### Re: If you are bored with Deep Networks

Posted:

**September 11th, 2018, 5:50 pm**ISayMoo wrote:Not really. I'm getting slightly tired of this ping-pong to be honest

More ping, less pong.

SERVING THE QUANTITATIVE FINANCE COMMUNITY

https://forum.wilmott.com/

Page **20** of **21**

Posted: **September 11th, 2018, 5:50 pm**

ISayMoo wrote:Not really. I'm getting slightly tired of this ping-pong to be honest

More ping, less pong.

Posted: **September 12th, 2018, 6:45 am**

Cuchulainn wrote:ISayMoo wrote:Not really. I'm getting slightly tired of this ping-pong to be honest

Mostly pong to date, I'm waiting on some ping.

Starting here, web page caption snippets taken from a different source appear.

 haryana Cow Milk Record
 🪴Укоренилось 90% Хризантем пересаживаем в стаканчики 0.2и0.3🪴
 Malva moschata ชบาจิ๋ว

I'm waiting for your comments about probabilistic line search. And for the results of your and Paul's project of teaching the NNs the differential operator

Posted: **September 12th, 2018, 9:59 am**

ISayMoo wrote:Cuchulainn wrote:ISayMoo wrote:Not really. I'm getting slightly tired of this ping-pong to be honest

Mostly pong to date, I'm waiting on some ping.

I'm waiting for your comments about probabilistic line search. And for the results of your and Paul's project of teaching the NNs the differential operator

I am waiting for your numerical experiments on the first issue. This thread is not a project and there is no project leader.

// I recall your post

OK, so this looks like a reasonably decent paper: Probabilistic Line Searches for Stochastic Optimization

They discuss convergence guarantees briefly in Sec. 3.4.1. Experiments look encouraging, but I'd like to test them on something more challenging.

//

What are your findings, ISM? I have some views, but first yours!

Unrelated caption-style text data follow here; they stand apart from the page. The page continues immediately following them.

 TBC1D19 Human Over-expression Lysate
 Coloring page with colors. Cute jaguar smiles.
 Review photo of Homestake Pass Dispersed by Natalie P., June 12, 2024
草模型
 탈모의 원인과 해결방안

Posted: **September 12th, 2018, 3:15 pm**

I read the paper and I think it's a decent, well-tested idea. I didn't have the time to run numerical experiments.

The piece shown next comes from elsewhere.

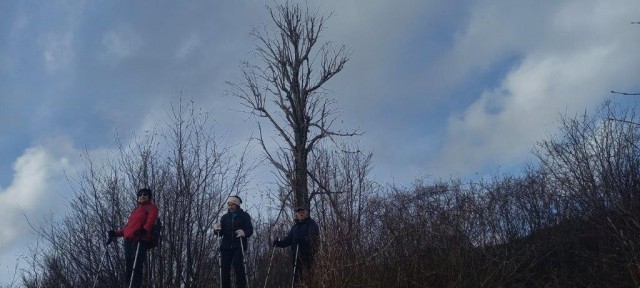 20231208 koča MLADIKA, sovič - foto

Posted: **September 12th, 2018, 3:41 pm**

There's also Pang.

Posted: **September 13th, 2018, 6:33 am**

He's building self-driving cars now. Let's not talk about Pang.

Posted: **September 13th, 2018, 2:32 pm**

ISayMoo wrote:I read the paper and I think it's a decent, well-tested idea. I didn't have the time to run numerical experiments.

Assuming you had time, what is the main technical challenge?

1. Code for Cubic spline and BVN (I have them in my new C++ book)

2. Section 3.1 is not clear to me (what's a Gaussian proces prior?)

3. Putting it all together

4. Other?

?

Posted: **September 13th, 2018, 9:04 pm**

"(what's a Gaussian proces prior?"

Bayesian prior for a Gaussian process.

Bayesian prior for a Gaussian process.

Posted: **September 14th, 2018, 5:47 pm**

ISayMoo wrote:"(what's a Gaussian proces prior?"

Bayesian prior for a Gaussian process.

Don't suppose you have an intro for the impatient? Gracias.

Posted: **September 15th, 2018, 9:04 am**

ISayMoo wrote:"(what's a Gaussian proces prior?"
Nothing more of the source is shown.